Your best bet for the ferry to Victoria is to cross into Canada via I-5 changing to Highway 99 once you cross the border.  Blaine is literally the border town on that route.  It's a short drive up 99 to the turnoff on HIghway 17 for the ferry out in Tsawwassen (pronounced Ta WAS sen).  Try to avoid early morning, as the traffic can be rather heavy, although it usually isn't too bad up to highway 17 where you have to get off.  As well, if you're travelling in the summer, I'd definitely suggest reservations.  You can reserve there at http://www.bcferries.com/res/

Allow enough time for border crossing as well.  It can be quite heavy during the summer.
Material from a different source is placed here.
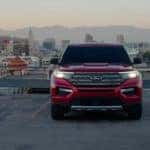 A red 2023 Ford Explorer Limited Hybrid parked in a lot overlooking a city.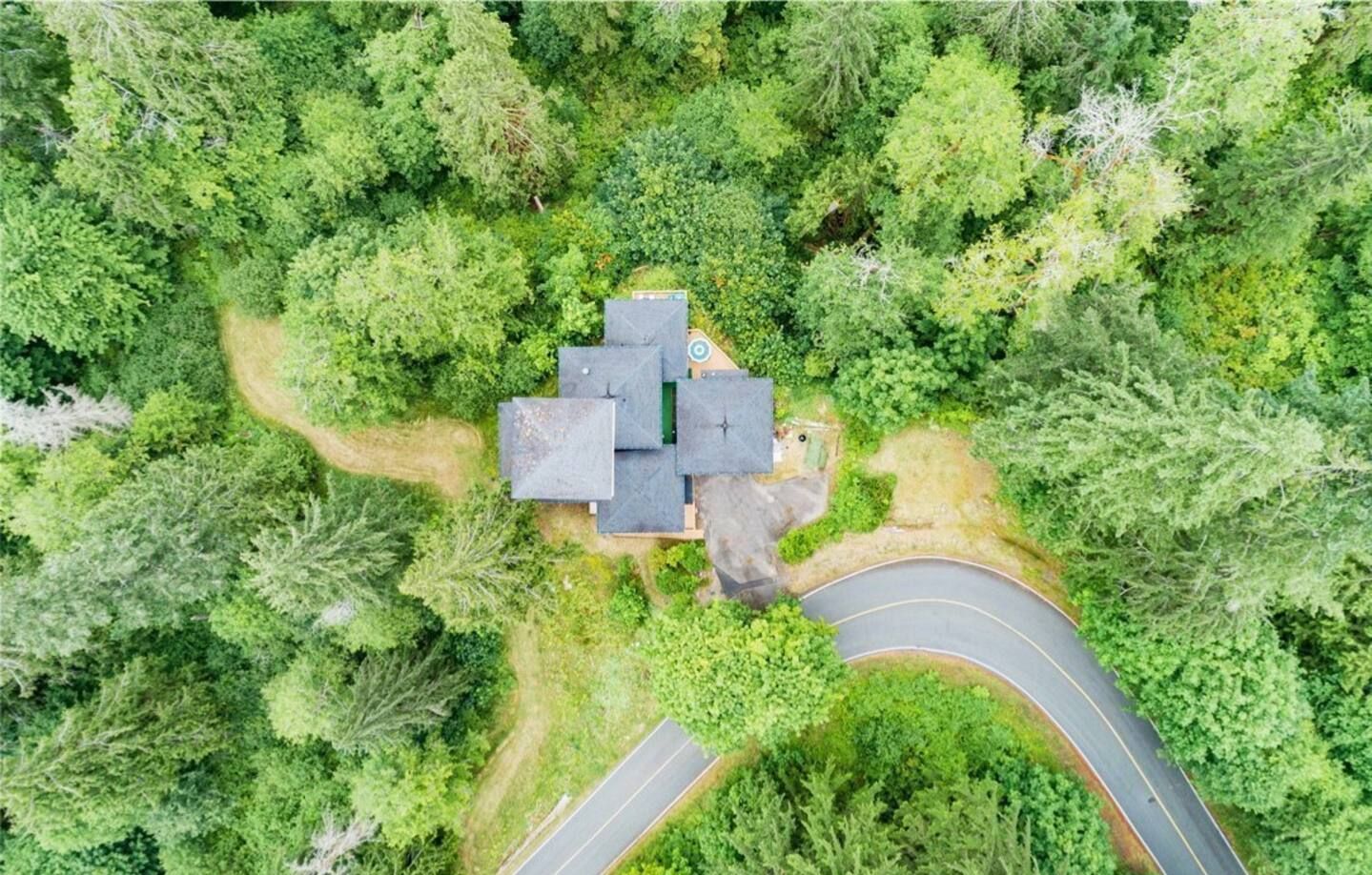 An aerial view of a house surrounded by dense forest, with a curved driveway leading to the entrance.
Your children would probably enjoy the ferry ride as much as anything, it's beautiful scenery.  There is currently a Titanic exhibition in Victoria, a friend went and it's very interactive, although it may be a bit boring for children the age of yours.

Bev


----------



## travelbug (Jun 13, 2007)

I suggest coming into Seattle, spending a day here and one night.  The second day take the Victoria Clipper to Victoria.  The clipper is a passenger only boat that takes 2 hours each way.  There is early morning sailings and evening sailings so one can do Victoria in a day.  Then your choice would be to stay one more night in Seattle or drive 90 minutes back to Birch Bay.

Taking the canadian ferries is a beautiful ride, but long ferry waits.

Be sure to schedule a tour of Butchart Gardens out of Victoria.  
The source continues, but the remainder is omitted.